Marie-Pierre Arthur : Le beau risque
Marie-Pierre Arthur est arrivée dans le paysage de la chanson d’ici avec ses grands yeux noirs, son air un peu space, une jolie voix claire, sa drive de bassiste et un premier album éponyme sous le bras…
Déjà remarquée comme ovni en orbite autour de la constellation Karkwa, comme musicienne auprès d’Ariane Moffatt, de Mara Tremblay, de Stefie Shock, de Michel Faubert et de combien d’autres, Marie-Pierre Arthur s’est détachée du lot telle une Feist ou une Emily Haines s’aventurant hors du clan Broken Social Scene. D’ailleurs, elle pourrait être la petite cousine québécoise de ces rockeuses donnant dans un registre plus souvent tempéré que décapant, celui des Cat Power, Eleni Mandell, Mara Tremblay, Martha Wainwright et compagnie.
Vertiges et enivrements
"Depuis peu, j’ai le sentiment d’être devenue une chanteuse. Le switch a été long à faire dans ma tête, car je continue d’être musicienne pour d’autres artistes… Mais je sens que je suis en train de le vivre, maintenant, de l’assumer et de tomber dedans, sur scène, dans ma vie… Ce que j’ai trouvé plus difficile, c’est le côté abstrait des débuts, quand j’ai lancé l’album. J’ai eu du mal à m’adapter; la seule affaire concrète, à mes yeux, c’est de monter sur scène et de donner un show."

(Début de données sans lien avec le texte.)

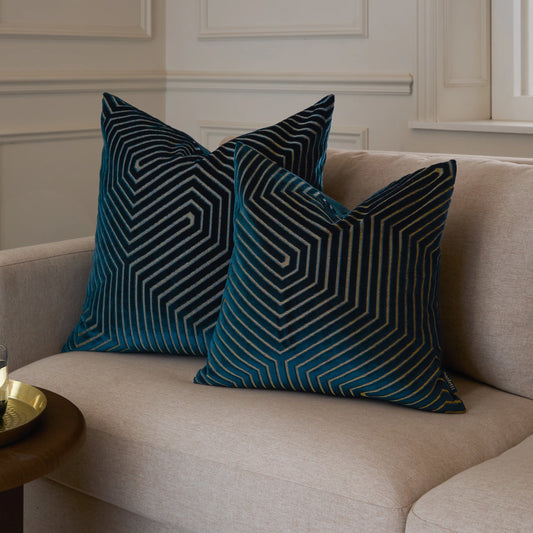 Geometric Velvet Cushion Navy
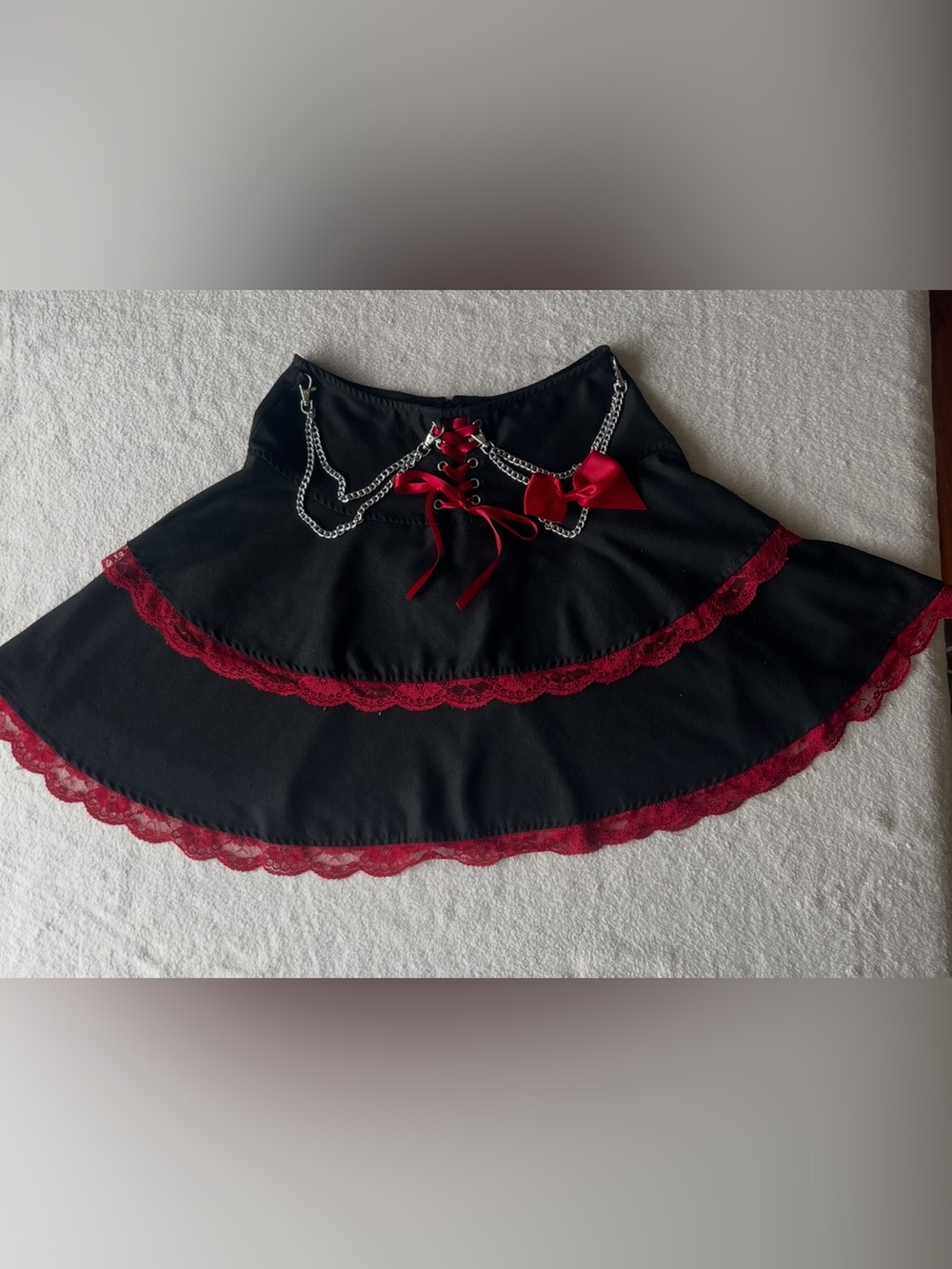 Social Collision Black Mini Skirt with Red Lace Trim and Silver Chain Details M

Qu’est-ce qui fait qu’une musicienne aussi épanouie et en demande, une fille de gang, décide un jour, comme ça, de virer sa vie et son agenda à l’envers en montant un projet solo? "L’idée que ça pourrait être le fun revenait en boucle dans ma tête… […] Pendant un petit bout de temps, je me suis sentie prisonnière de cette idée parce que j’avais pas encore compris le chemin à prendre. Je suis quelqu’un d’assez éparpillé; j’ai dû apprendre à mettre les morceaux ensemble, à réunir des idées de musiques et des bouts de textes…"
Marie-Pierre est donc arrivée à la chanson comme on plonge du plus haut tremplin d’une piscine olympique: en se lançant malgré le vertige, après avoir retenu son souffle, pour découvrir, à la fois immobile et en mouvement, le côté grisant de l’affaire. Pari tenu, plongeon réussi.
Sa tête à "on"
L’album est sorti au beau milieu de l’hiver 2009, et Marie-Pierre a ce sourire béat lorsqu’on lui apprend qu’il a beaucoup tourné dans le lecteur de la voiture lors des longs trajets sur l’autoroute, fidèle compagnon des vacances ou des virées dans les contrées lointaines. À cette époque, il nous apparaissait porteur de grandes questions existentielles sur lesquelles gamberger, le regard tourné vers les étoiles…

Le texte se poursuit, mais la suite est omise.